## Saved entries
======
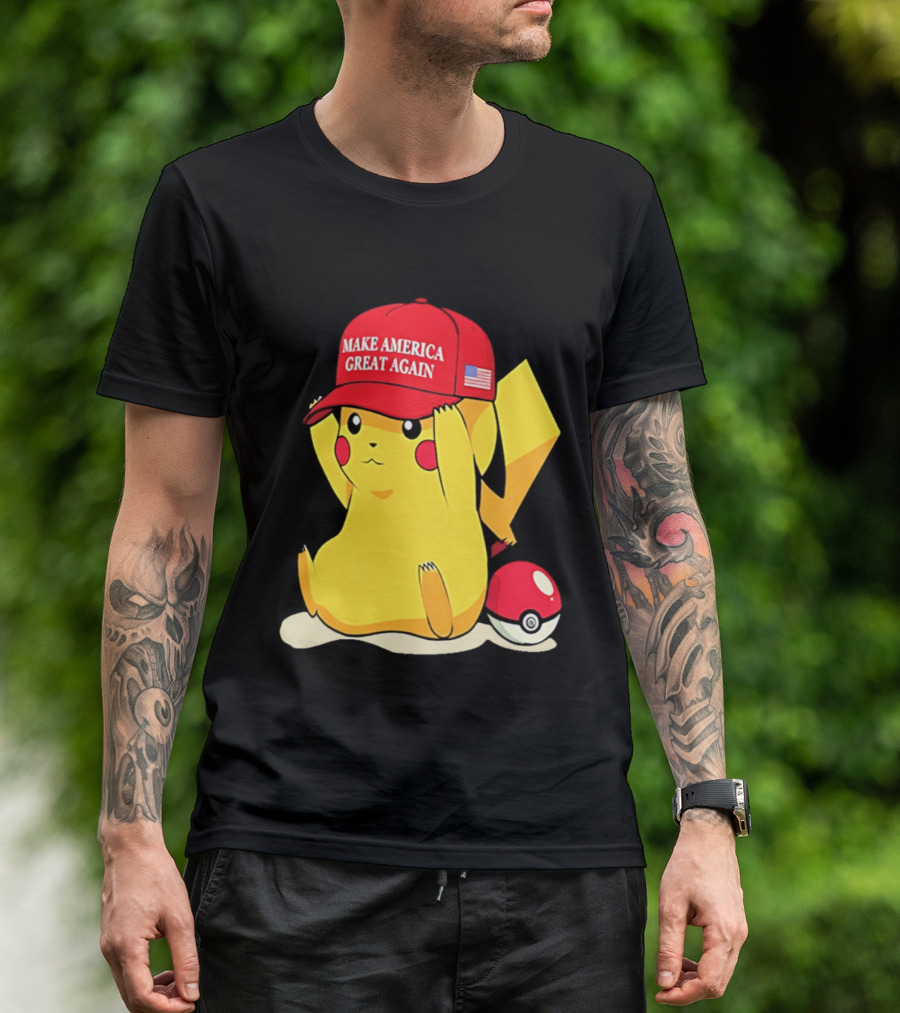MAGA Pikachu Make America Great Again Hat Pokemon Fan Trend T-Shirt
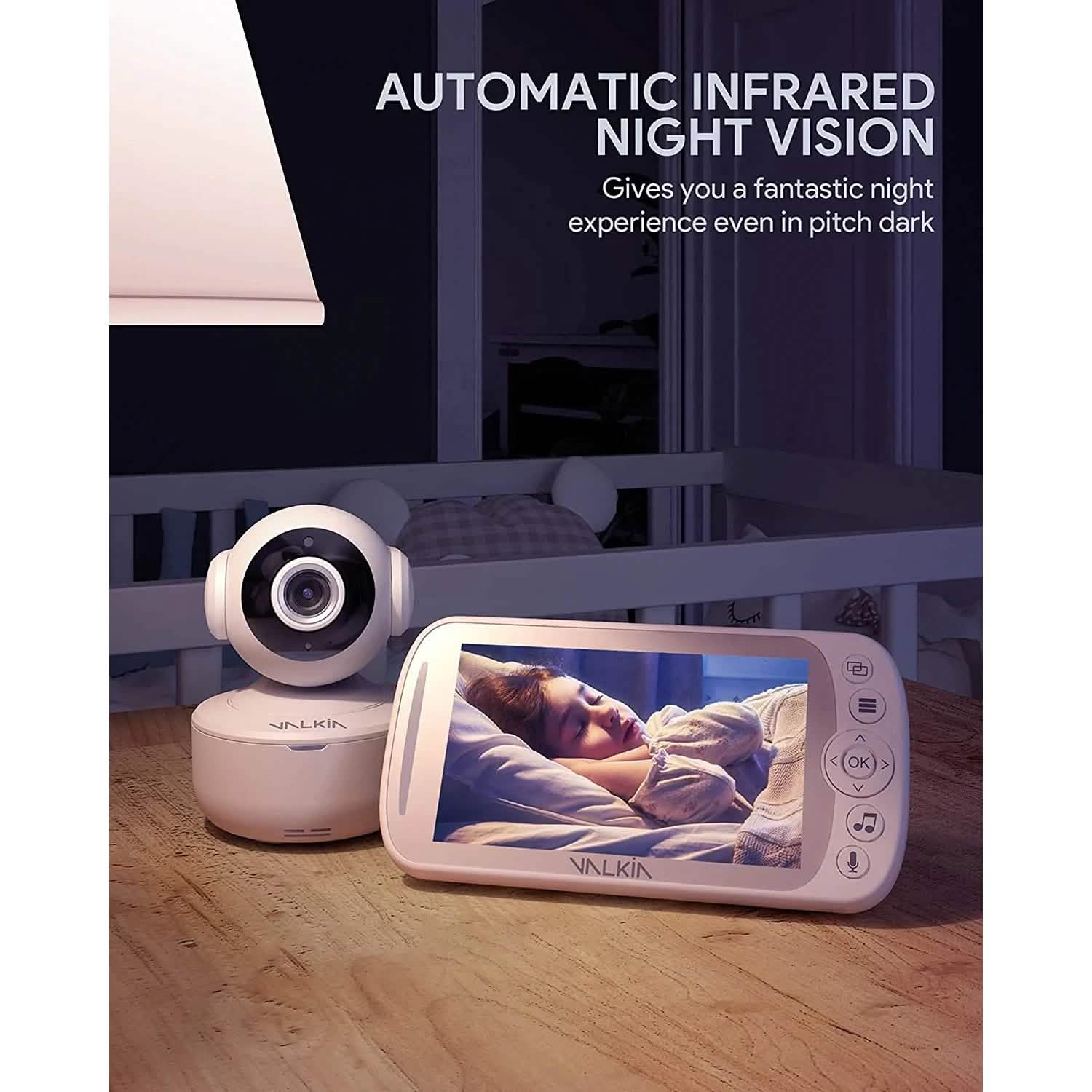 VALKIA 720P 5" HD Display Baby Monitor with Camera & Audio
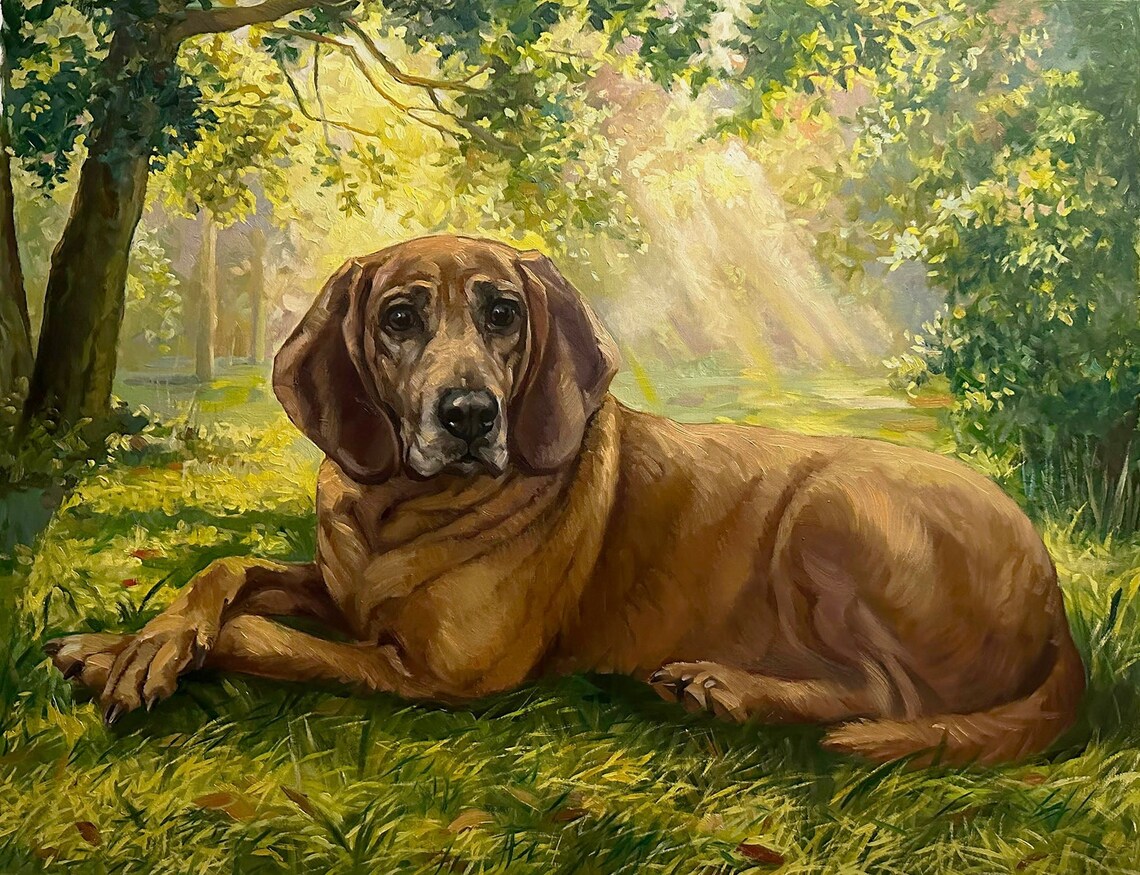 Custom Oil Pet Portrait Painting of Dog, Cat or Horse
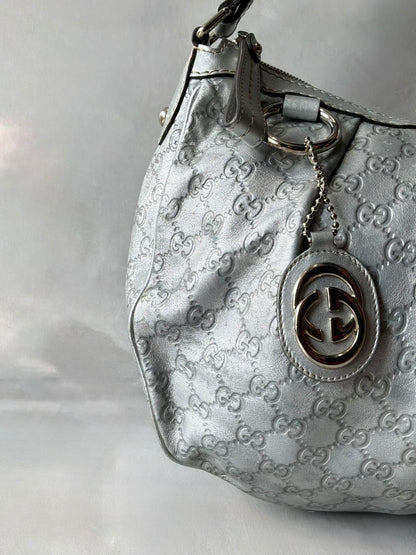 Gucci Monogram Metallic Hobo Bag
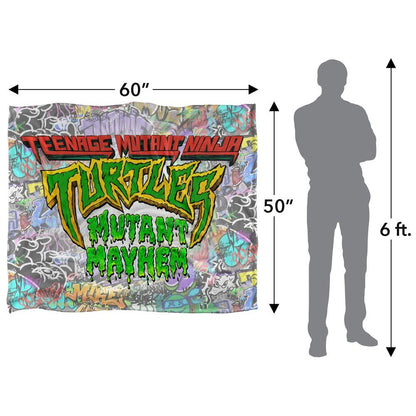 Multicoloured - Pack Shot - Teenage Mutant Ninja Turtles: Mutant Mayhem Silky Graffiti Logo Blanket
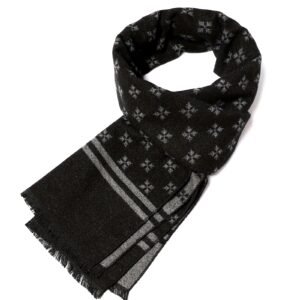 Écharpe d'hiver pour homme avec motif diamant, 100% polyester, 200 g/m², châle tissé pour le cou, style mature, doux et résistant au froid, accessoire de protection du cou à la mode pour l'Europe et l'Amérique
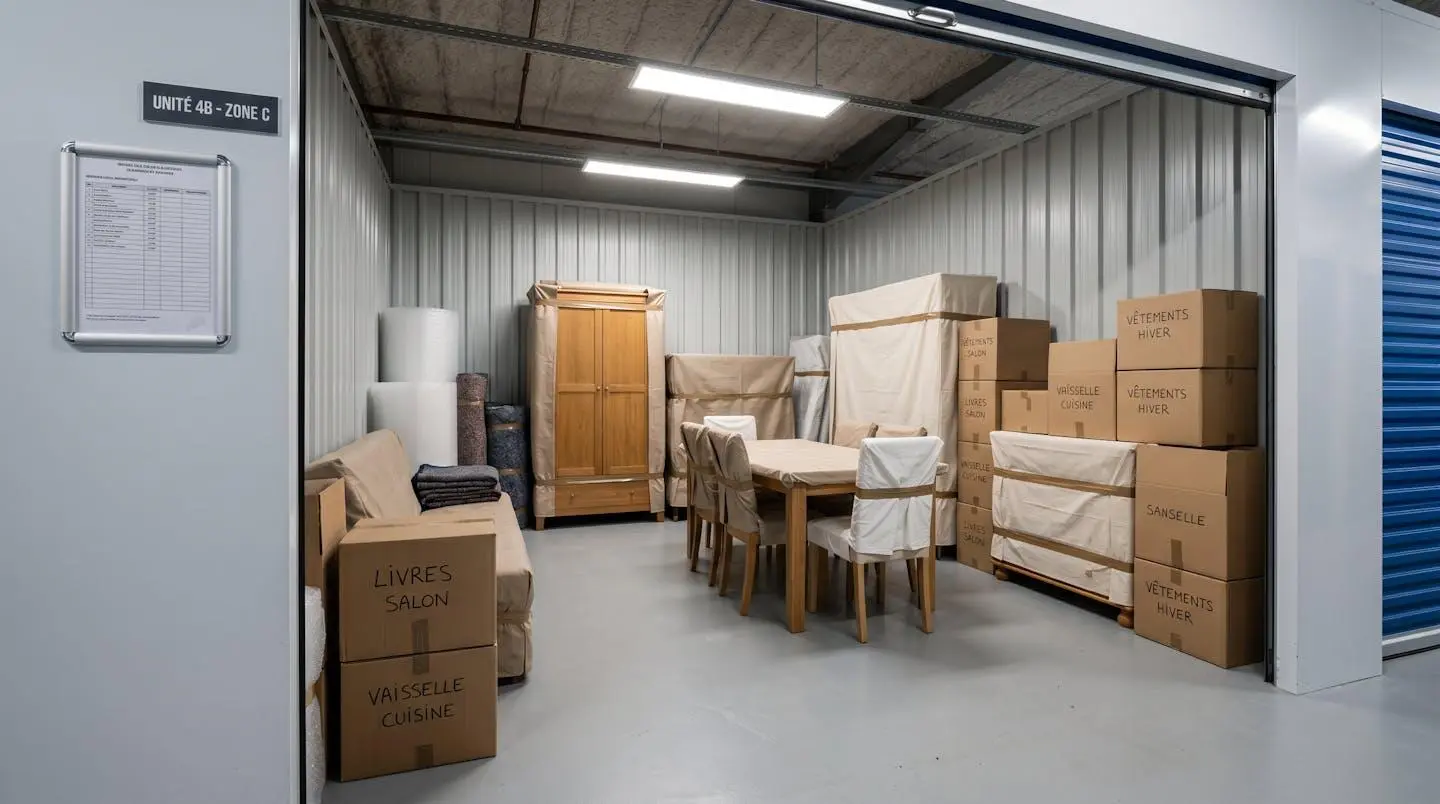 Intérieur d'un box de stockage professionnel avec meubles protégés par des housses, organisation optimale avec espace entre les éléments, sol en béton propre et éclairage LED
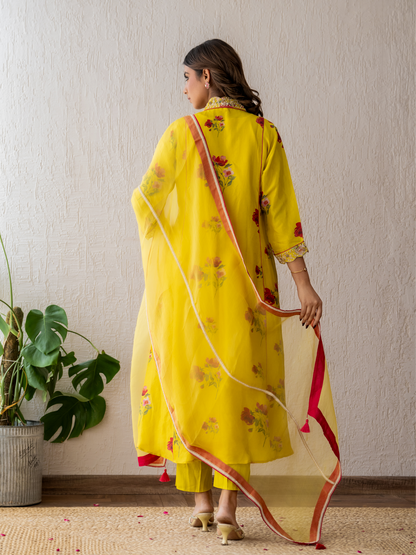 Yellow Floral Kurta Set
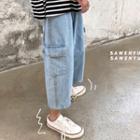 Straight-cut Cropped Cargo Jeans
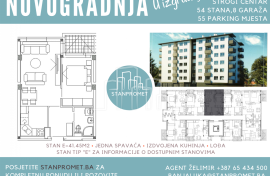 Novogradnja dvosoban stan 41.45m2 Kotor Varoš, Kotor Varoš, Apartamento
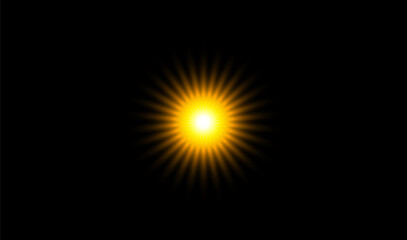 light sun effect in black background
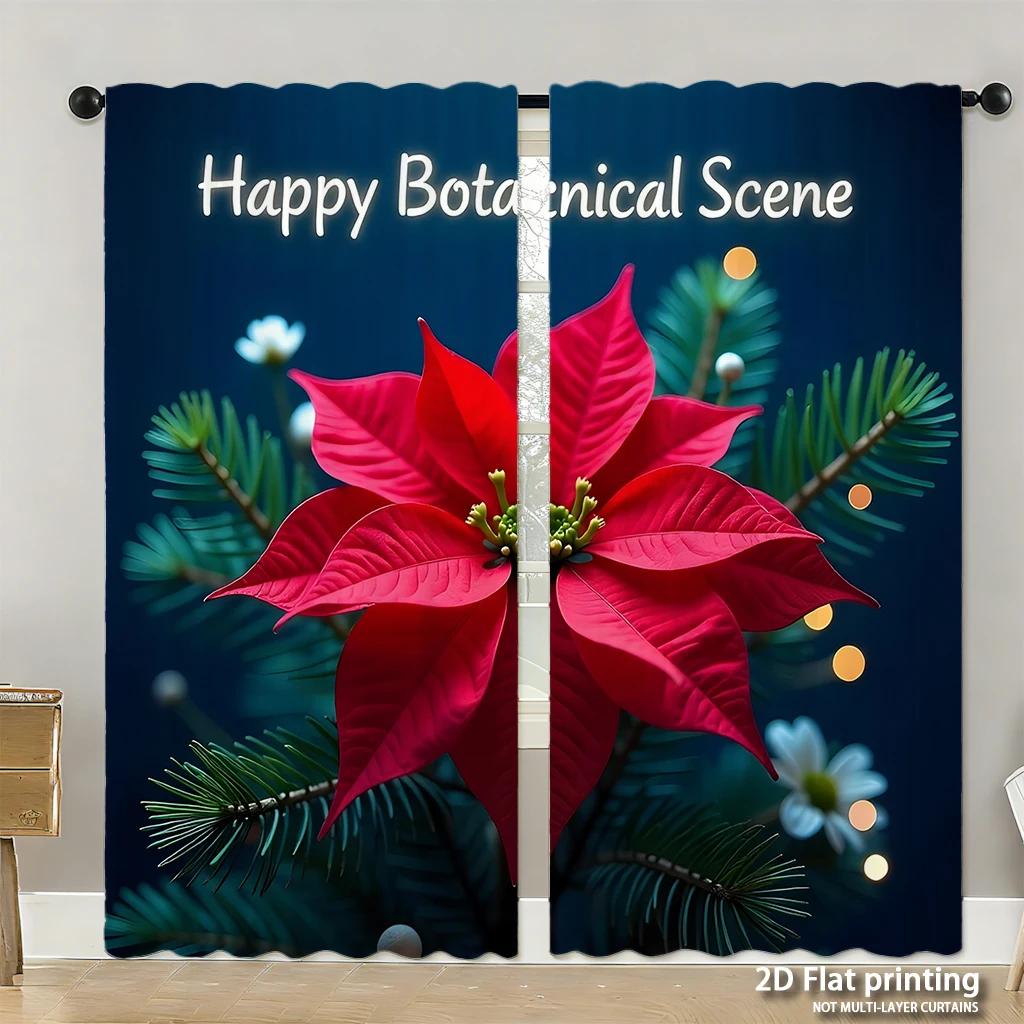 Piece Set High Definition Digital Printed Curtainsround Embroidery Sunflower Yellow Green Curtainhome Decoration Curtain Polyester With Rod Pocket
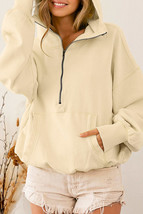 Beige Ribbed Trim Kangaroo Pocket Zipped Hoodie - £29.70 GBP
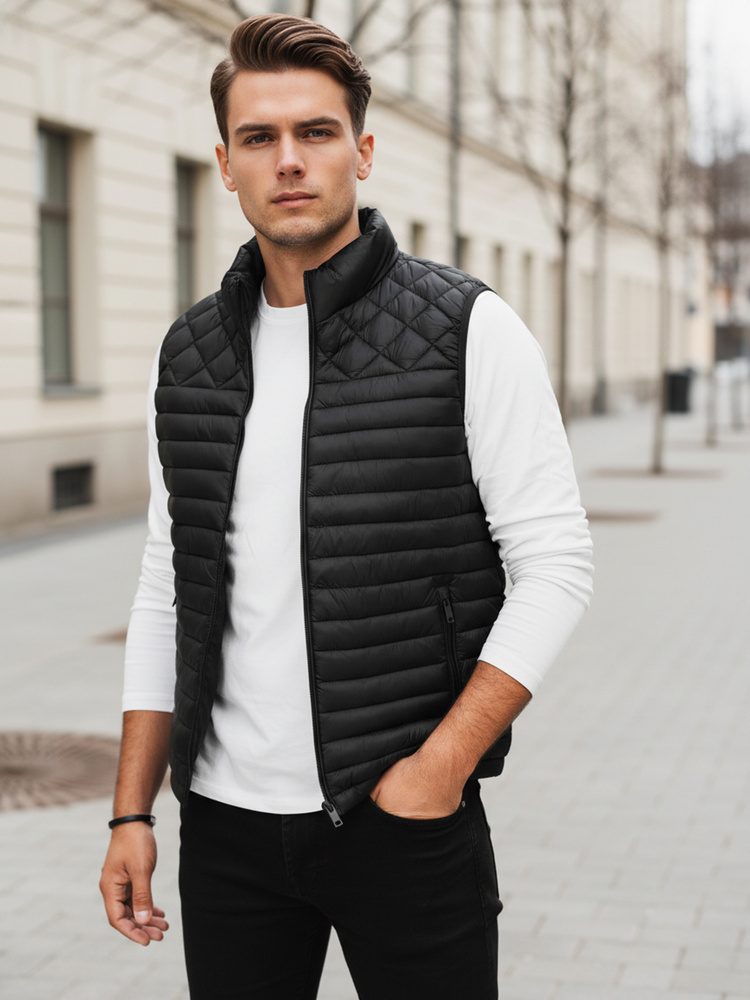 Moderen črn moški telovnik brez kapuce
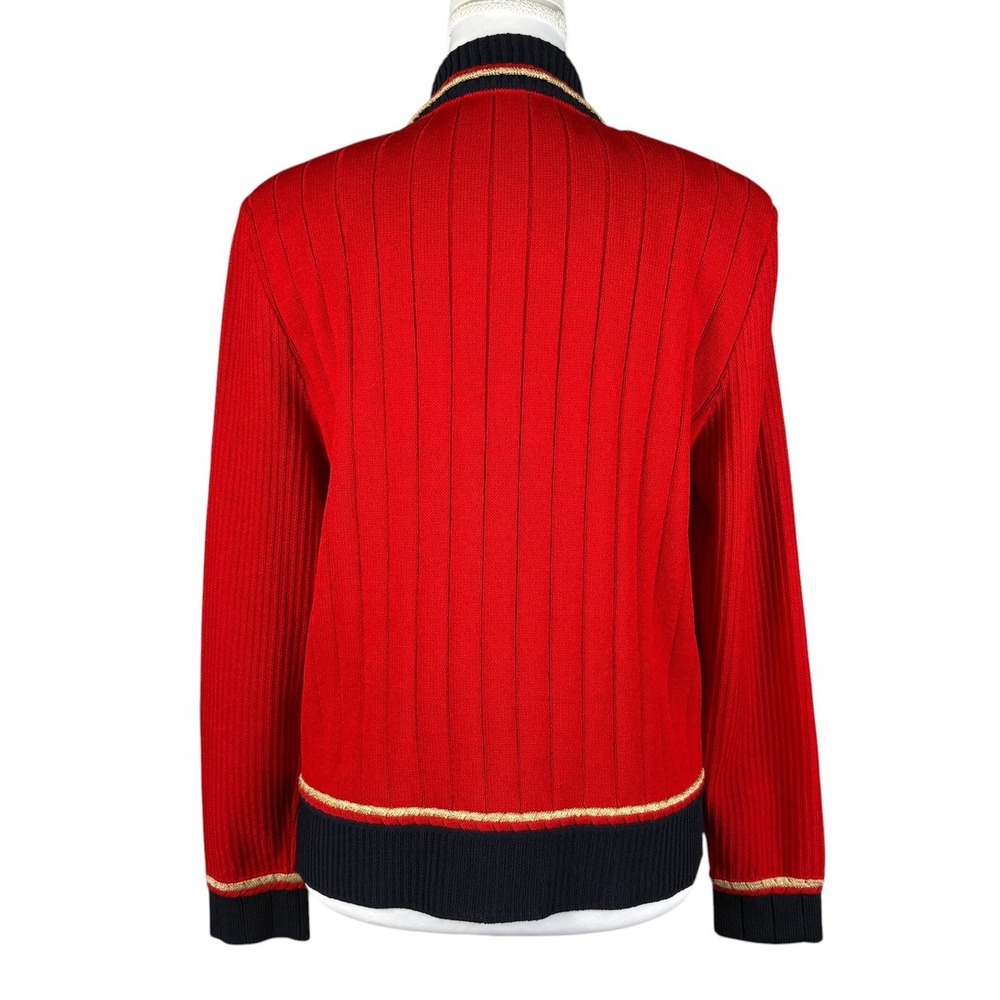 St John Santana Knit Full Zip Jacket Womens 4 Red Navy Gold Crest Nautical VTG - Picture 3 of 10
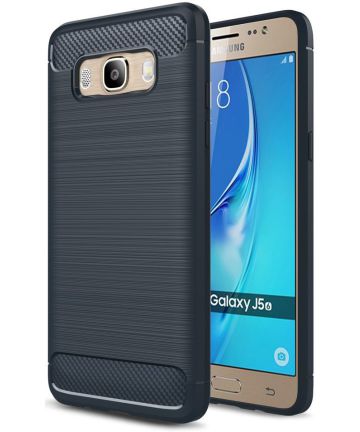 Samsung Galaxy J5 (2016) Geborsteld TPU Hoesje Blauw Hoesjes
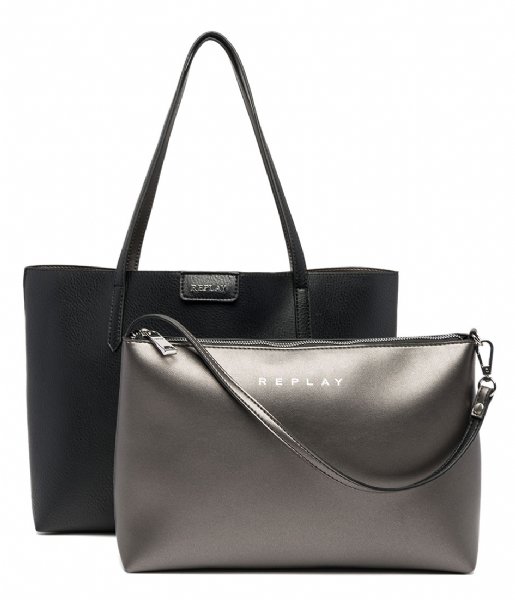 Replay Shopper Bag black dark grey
======
## WHAT IS EXPECTED
Extract only the lines from the line containing "Yellow Floral Kurta Set" through the final line of the records; keep both ends and drop every picture.

## PROBLEM SOLUTION
 Yellow Floral Kurta Set
 Straight-cut Cropped Cargo Jeans
 Novogradnja dvosoban stan 41.45m2 Kotor Varoš, Kotor Varoš, Apartamento
 light sun effect in black background
 Piece Set High Definition Digital Printed Curtainsround Embroidery Sunflower Yellow Green Curtainhome Decoration Curtain Polyester With Rod Pocket
 Beige Ribbed Trim Kangaroo Pocket Zipped Hoodie - £29.70 GBP
 Moderen črn moški telovnik brez kapuce
 St John Santana Knit Full Zip Jacket Womens 4 Red Navy Gold Crest Nautical VTG - Picture 3 of 10
 Samsung Galaxy J5 (2016) Geborsteld TPU Hoesje Blauw Hoesjes
 Replay Shopper Bag black dark grey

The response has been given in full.